Happy Book Birthday to Rules We’re Meant to Break! Find my original review below and consider picking this on up for the summer.

(Thank you to Macmillan Children’s Publishing Group for and ARC of this novel)

The Rules:

  1. Always keep your eyes on the horizon
  2. Children of Mom’s boyfriends are roommates to be tolerated, not friends
  3. Get used to introducing yourself to strangers
  4. Related, get used to spending your holidays with strangers too, because that’s pretty much the norm
  5. Protect your plate at all large meal gatherings, holidays or otherwise
  6. Never ask Mom’s boyfriends for help, unless it’s a legitimate emergency
  7. Never get romantically involved with anyone connected to Mom’s boyfriends or their families
  8. Don’t get involved in any “family” drama, even if it’s juicy and hard to resist
  9. Keep your real life separate from Mom’s life with her current boyfriend
  10. Remember you love your mom. I know it’s hard sometimes. But do it anyways.

This story starts by introducing us to Amber on her birthday her freshman year of high school. She’s super excited about her birthday dinner that night with her mom’s boyfriend and his nephew that she’s hardcore crushing on, only to find out that while at school there’s been a breakup. While it turns out not to be the best birthday, Amber comforts herself by saving a puppy, Buffy, in front of a pet store and by creating a set of rules to keep her in check for the next men that enter her and her mom’s lives. 

We then flash forward to her senior year where her mom has a new boyfriend, Kevin, whose house she is moving into. The rules are still in full effect, especially with all the ugliness surrounding the Kevins’ recent divorce and drama with his daughter Cammie. The only good thing about moving is that Jordan Baugh, her freshman year crush, lives down the street from her. After discovering that he is friends with Cammie though Rule 7 goes into effect. As Amber takes on the role of tutoring Jordan though, lines are blurred and some rules might need to be broken. 
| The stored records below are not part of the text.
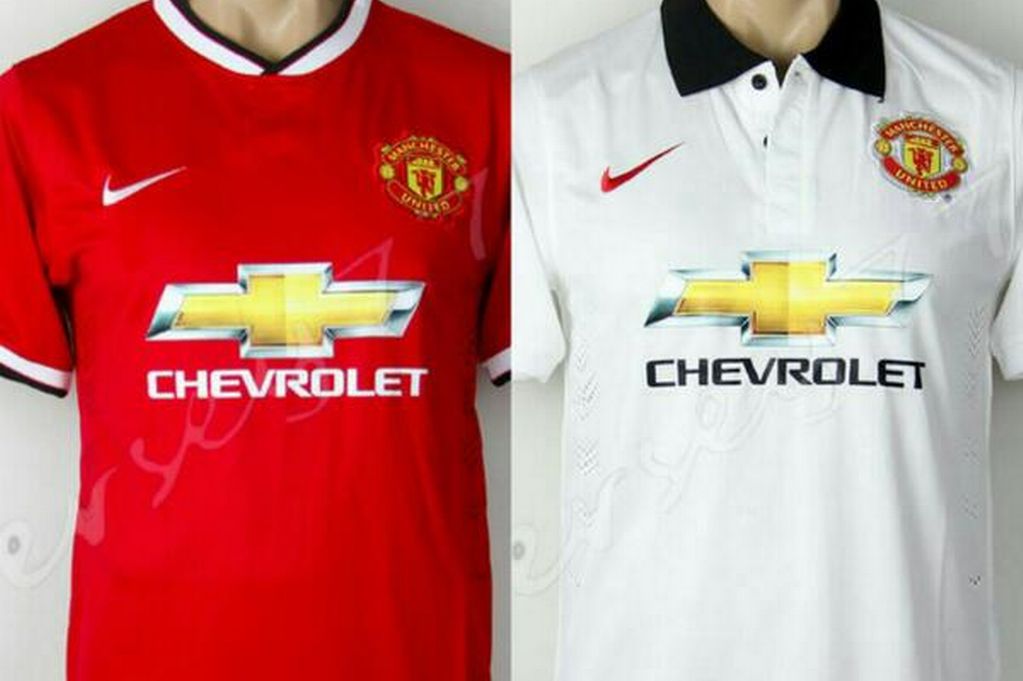 man united chevrolet shirt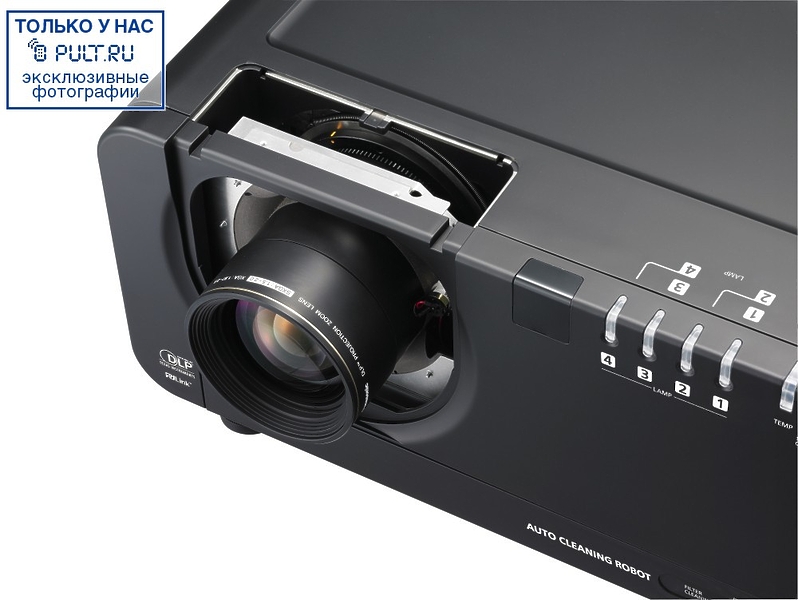 Проектор Panasonic PT-DZ12000E артикул 257160FV-1 фото 9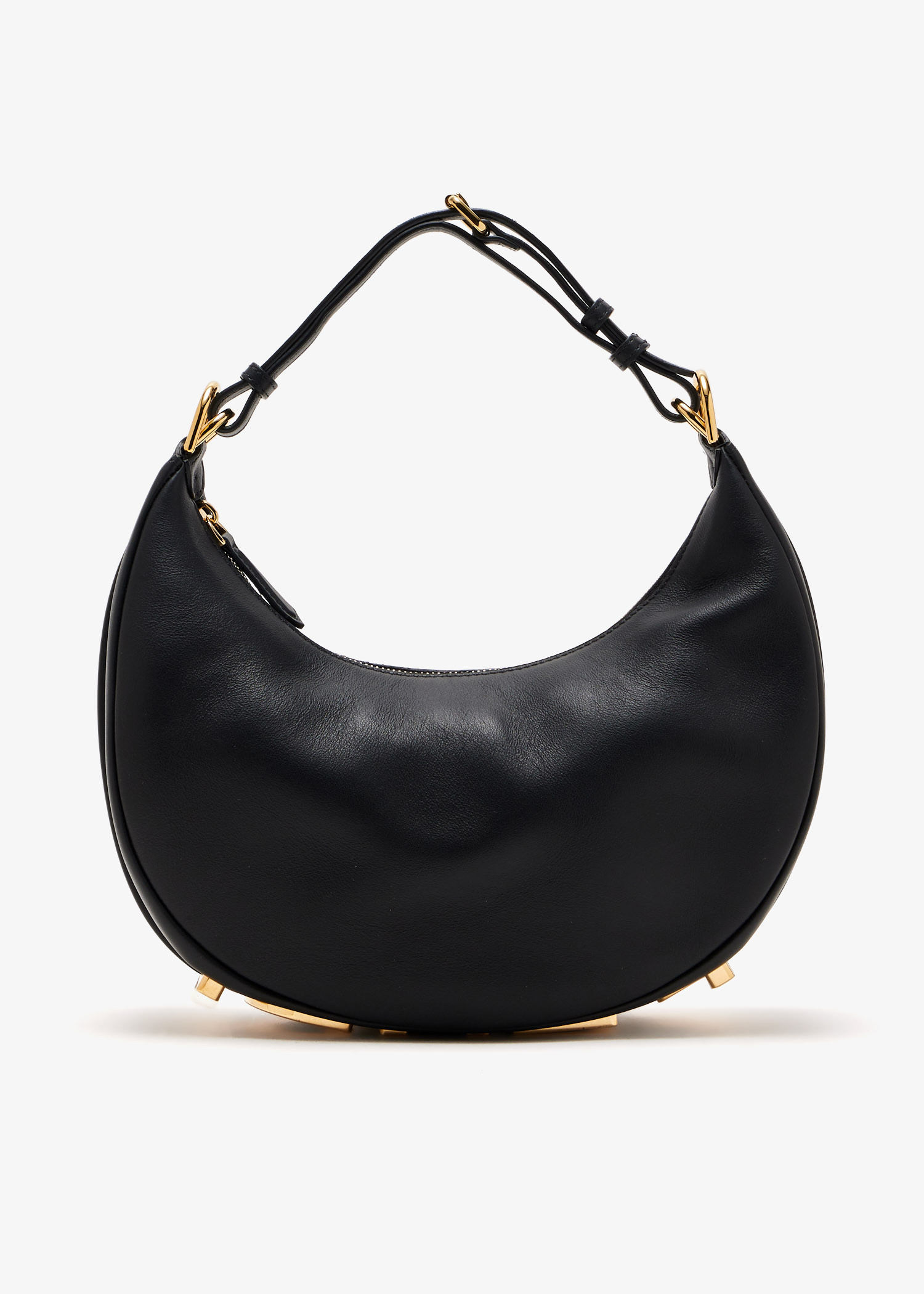 

Fendigraphy small shoulder bag, Black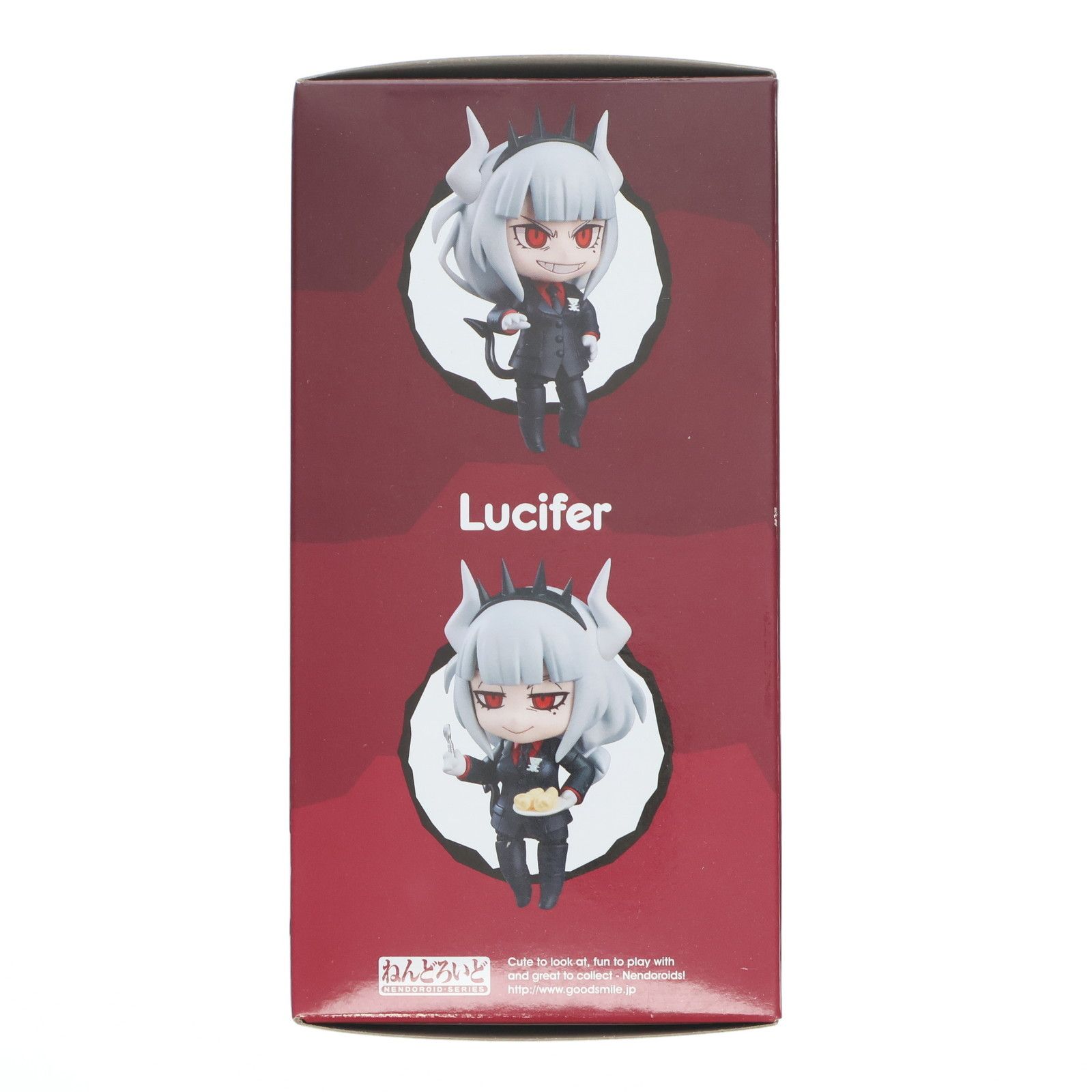 GOODSMILE ONLINE SHOP 特典付属 ねんどろいど 1622 ルシファー Helltaker ヘルテイカー 完成品 可動フィギュア グッドスマイルカンパニー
I loved Buffy!!! This dog was really the glue that pulled everyone together in my eyes. She was so dang good and well trained. Like this dog knew commands such as “chill” and “hang” which differed from the boring old stay and pillow. Everyone loved her and even those that immediately didn’t like her, she grew on. She was Amber’s safety net and future all rolled into one cute pup. 

The friendship between Amber, Heather and later on Cammie was so perfectly realistic. Amber and Heather were the epitome of what friendship should be. They ebbed and flowed no matter the circumstances or changes that needed to happen like with college arrangements, boyfriends and Amber’s attachment issues. Heather was there when Amber needed her and also challenged some of the decisions she made, which we all need sometimes. Cammie came as a surprise to me. When we first meet her I assumed she’d be a spoiled brat and totally snobby, but during the novel she grew on both Amber and I. 
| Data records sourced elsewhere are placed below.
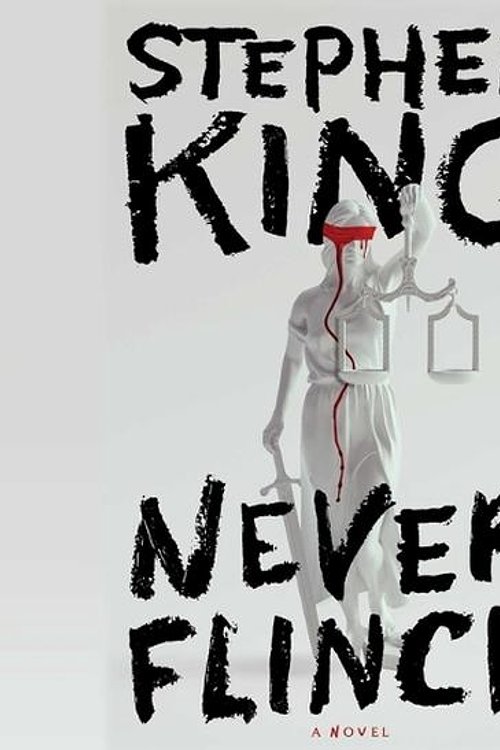 Cover Art for 9781668131633, Never Flinch by Stephen King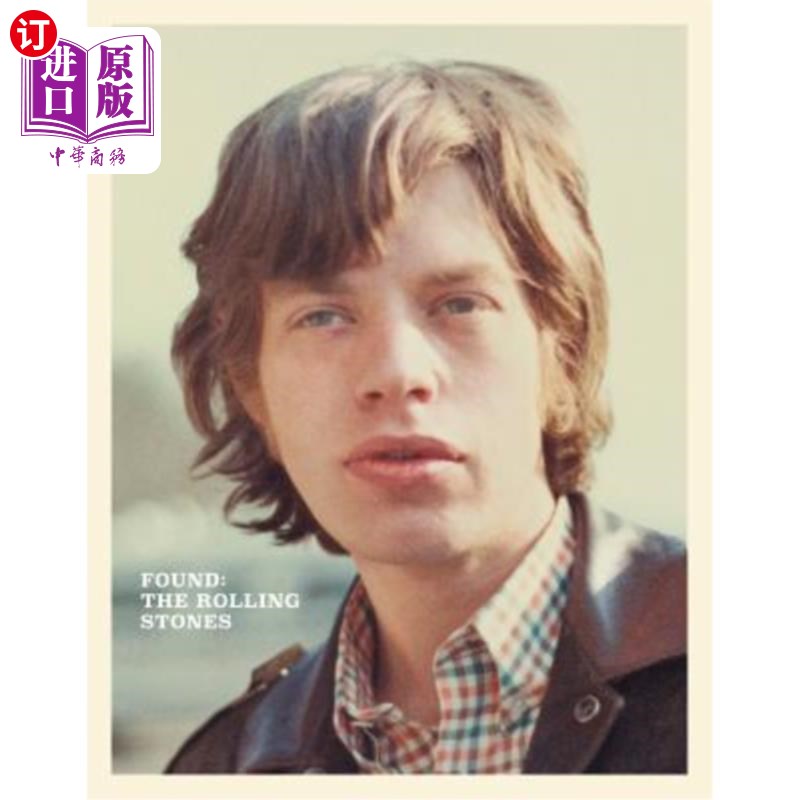 海外直订Found: The Rolling Stones 发现:滚石乐队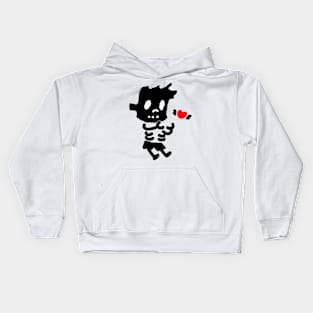 I send you my love. Kids Hoodie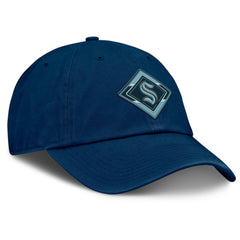 Seattle Kraken Fanatics Women's Authentic Pro Rink Adjustable Hat - Deep Sea Blue - NHL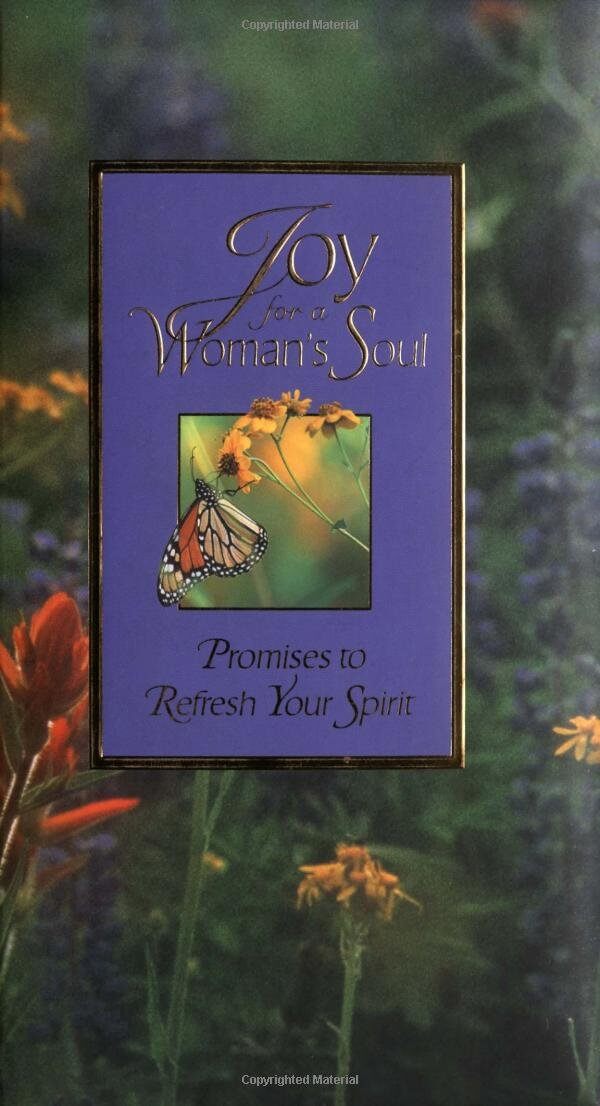 Joy for a Woman's Soul: Promises to Refresh Your Spirit used book depot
The college decisions involving boys, friendships, and money were all factors that were handled beautifully and realistically. I got nervous there for a bit with some of the factors, but in the end everyone made their own decisions for the right reasons. 

While Amber had a ton of growth, I felt like there could have been more and I wanted more for her. She did quite a few hurtful things to the people around her, and while she had the self-awareness to know that she generally never really explained or apologized sufficiently. Her friends, Kevin and even Jordan were forced to take the high road in some of these situations and move on from it. It would’ve been nice if she had stepped up a bit more.

The romance was sweet and I loved Jordan, but after finishing the book I realized I knew nothing about him except that he loved basketball, was a pretty good player, struggled with writing, and had a bisexual sister. What did he want to go to college for? Did he think he could go pro? What were his dreams besides basketball? How long had he liked Amber? How did he get into basketball? I would have liked more depth to him which would have added a bit more to the romance as well.

This overall was a cute little summer read. I might have to buy a finished copy of it just so I can reread it while sunbathing next to the pool this summer. It was a light read that I thoroughly enjoyed and for her debut novel I’d say Natalie Williamson did an amazing job. It was comparable to Julie Buxbaum and Jenn Bennett, two of my favorite summer reads authors. I can’t wait to see what novel Williamson puts out next!